So I’ve got a soap dispenser…
It’s pretty cool.
It has some kind of sensor, so that it knows when your hands are underneath the nozzle, and then dispenses a serving of liquid-soap. It saves you from having to pump a little thing, and I guess actually saves me a tiny bit of time each day, and lets me get the soap one-handed. Nice.
The funny thing is that these kind of gadgets are super cheap. They’re usually cheaper, I suspect, than the cost of manufacture. The way that the companies that make such gadget recoup their costs is the same as the budget-printer industry - refills.
The refills cost a lot, and are pretty tiny. In order to stop you simply getting soap from a different source, the company will make your life difficult in various trivial ways so that it is more inconvenient to work around the issue than to buy more ElectroSoapCo (TM) brand refills, even though the prices are extortionate.
Some of the impediments:
- Valve-like nozzles to prevent refills
- Odd bottle-shapes to prevent competing refills
- Smart nozzles to protect against tampering
- Many more weird and wonderful frustrations
Well, I was having none of it. So my partner melted a hole in the top of the canister and then bought some generic brand hand-soap to refill the dispenser. Worked like a charm. Take that “the-man”.
But what if I was the man…?
Here’s my dumb idea -
Create an internal mechanism for the pump that depends on specific physical properties of their soap - I.e. Viscosity and Reynolds number. It should even be possible to find these properties that work for the existing mechanism and decrease the window of acceptance for a liquid.
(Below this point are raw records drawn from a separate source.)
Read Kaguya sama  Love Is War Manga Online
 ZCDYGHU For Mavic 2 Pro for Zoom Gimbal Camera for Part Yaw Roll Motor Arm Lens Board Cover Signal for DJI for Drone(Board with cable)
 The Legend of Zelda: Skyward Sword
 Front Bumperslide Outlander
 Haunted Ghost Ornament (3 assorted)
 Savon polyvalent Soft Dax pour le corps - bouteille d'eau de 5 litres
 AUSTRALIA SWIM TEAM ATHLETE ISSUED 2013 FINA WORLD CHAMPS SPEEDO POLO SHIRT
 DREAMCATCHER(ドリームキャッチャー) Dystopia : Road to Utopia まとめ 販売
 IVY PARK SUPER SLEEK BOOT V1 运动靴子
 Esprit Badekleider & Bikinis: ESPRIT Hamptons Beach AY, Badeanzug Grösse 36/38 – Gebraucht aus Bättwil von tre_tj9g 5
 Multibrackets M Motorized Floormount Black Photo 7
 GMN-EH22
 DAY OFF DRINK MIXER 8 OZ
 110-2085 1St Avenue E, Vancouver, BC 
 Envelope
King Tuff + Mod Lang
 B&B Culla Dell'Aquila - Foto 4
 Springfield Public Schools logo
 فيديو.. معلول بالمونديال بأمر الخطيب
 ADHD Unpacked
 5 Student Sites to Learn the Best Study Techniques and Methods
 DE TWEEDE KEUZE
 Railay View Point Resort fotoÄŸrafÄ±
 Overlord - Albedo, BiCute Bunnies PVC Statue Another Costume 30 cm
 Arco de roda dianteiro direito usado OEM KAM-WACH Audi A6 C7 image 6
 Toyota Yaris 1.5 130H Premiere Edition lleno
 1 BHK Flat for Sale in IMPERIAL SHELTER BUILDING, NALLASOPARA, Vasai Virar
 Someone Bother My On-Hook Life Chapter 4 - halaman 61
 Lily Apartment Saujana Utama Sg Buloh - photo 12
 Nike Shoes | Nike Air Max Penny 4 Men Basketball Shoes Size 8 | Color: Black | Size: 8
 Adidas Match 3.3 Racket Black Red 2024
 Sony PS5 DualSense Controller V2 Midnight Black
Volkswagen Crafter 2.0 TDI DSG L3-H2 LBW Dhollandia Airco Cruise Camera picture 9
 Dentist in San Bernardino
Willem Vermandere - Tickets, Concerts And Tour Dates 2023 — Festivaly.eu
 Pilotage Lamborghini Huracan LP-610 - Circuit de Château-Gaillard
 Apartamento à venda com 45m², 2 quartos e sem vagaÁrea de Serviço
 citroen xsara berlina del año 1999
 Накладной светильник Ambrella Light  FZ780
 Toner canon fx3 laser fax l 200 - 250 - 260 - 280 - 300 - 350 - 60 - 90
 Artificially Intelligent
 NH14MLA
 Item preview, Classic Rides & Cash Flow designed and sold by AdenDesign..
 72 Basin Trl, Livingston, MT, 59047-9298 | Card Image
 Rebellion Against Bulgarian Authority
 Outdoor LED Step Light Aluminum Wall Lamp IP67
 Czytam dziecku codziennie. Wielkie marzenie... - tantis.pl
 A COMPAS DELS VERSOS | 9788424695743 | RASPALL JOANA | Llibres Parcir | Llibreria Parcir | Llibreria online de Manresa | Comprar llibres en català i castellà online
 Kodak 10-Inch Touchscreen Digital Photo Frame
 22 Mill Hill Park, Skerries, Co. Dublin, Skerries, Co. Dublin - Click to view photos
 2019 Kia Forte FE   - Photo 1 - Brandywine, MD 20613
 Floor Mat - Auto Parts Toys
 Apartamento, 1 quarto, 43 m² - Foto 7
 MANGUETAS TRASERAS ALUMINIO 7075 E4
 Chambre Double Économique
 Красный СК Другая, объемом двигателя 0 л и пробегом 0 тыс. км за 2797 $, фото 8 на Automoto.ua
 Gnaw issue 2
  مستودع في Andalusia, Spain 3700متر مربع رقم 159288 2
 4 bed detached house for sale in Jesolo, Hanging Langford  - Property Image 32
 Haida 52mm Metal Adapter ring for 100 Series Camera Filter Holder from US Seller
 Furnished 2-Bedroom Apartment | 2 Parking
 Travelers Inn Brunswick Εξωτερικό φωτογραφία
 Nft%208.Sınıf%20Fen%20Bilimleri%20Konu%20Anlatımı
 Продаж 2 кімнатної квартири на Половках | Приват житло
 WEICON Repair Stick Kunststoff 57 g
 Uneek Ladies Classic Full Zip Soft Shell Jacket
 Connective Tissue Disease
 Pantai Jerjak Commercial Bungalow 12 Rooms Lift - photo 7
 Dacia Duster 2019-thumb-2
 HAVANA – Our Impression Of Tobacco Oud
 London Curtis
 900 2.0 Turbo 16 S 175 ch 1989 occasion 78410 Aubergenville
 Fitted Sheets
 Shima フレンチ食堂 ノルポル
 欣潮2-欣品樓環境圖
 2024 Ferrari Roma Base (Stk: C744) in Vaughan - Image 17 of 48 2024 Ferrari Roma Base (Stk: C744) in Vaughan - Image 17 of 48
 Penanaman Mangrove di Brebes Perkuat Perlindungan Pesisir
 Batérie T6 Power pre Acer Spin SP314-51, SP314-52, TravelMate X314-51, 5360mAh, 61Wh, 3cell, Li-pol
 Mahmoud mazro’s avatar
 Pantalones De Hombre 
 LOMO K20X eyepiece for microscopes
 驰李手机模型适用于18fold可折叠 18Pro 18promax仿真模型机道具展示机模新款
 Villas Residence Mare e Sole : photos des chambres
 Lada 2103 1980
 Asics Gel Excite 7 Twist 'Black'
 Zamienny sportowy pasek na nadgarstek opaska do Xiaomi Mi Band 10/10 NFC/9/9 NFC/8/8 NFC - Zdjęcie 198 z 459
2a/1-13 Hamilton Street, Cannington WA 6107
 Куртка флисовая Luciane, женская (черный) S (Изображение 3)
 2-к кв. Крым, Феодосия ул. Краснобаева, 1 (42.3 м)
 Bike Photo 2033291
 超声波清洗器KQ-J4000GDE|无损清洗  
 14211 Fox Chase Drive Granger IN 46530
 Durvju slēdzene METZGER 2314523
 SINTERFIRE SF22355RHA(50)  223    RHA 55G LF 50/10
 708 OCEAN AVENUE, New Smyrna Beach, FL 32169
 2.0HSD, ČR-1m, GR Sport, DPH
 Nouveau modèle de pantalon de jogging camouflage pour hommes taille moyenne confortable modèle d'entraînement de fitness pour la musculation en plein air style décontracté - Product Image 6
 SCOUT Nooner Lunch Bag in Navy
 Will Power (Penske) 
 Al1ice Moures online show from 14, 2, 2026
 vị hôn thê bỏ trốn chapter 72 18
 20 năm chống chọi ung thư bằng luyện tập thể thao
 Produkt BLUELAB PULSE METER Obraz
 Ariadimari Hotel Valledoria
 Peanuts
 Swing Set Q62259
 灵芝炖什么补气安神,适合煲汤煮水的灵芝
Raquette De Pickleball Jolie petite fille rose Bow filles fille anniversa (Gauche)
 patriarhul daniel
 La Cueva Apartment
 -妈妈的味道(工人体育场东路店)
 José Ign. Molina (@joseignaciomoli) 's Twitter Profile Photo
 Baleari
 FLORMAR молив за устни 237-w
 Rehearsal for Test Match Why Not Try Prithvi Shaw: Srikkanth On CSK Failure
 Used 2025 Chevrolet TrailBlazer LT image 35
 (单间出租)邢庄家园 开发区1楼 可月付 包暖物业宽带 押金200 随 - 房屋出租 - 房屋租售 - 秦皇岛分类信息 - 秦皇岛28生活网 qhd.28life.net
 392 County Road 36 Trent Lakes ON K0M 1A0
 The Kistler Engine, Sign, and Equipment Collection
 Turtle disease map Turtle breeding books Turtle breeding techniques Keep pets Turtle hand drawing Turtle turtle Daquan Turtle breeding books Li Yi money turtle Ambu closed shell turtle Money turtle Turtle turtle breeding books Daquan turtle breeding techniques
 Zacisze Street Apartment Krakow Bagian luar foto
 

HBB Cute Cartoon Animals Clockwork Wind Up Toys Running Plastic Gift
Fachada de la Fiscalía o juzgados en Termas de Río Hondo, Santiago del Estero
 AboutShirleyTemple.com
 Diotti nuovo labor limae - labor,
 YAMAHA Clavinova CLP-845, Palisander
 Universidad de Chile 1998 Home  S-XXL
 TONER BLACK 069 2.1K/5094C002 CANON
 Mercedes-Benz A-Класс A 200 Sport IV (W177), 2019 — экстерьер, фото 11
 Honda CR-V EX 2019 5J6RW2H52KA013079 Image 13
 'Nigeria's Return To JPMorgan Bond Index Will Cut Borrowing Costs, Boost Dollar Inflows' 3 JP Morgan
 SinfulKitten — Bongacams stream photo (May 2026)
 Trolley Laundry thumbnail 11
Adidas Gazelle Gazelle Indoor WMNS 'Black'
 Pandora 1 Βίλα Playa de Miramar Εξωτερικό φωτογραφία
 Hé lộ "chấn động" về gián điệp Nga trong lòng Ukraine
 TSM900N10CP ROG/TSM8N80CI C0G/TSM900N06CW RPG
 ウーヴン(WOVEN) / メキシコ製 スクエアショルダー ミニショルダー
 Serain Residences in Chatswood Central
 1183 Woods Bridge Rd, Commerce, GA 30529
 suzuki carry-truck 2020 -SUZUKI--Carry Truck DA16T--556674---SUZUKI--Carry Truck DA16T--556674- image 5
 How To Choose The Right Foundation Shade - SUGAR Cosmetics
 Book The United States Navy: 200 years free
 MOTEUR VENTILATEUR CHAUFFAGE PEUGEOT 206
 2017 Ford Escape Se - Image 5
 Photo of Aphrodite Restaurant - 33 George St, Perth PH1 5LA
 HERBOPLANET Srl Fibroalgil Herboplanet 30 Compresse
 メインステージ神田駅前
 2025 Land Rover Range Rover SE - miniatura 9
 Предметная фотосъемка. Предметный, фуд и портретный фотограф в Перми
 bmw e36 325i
This way you can refill the machine however you like, but you’ve gotta buy the right soap, otherwise the machine will just jam, or leak, or if they want to be nice, warn you and not operate.
This DRM solution is low-tech, cheap, and reliable. It moves the problem from the auxiliary space - canisters, to the fundamental space - the liquid they wish to sell and you wish to use. It would be easy for a competitor to copy your soap’s properties, but the soap market is a very different space to the canister market. I think the bang-for-buck would be very good.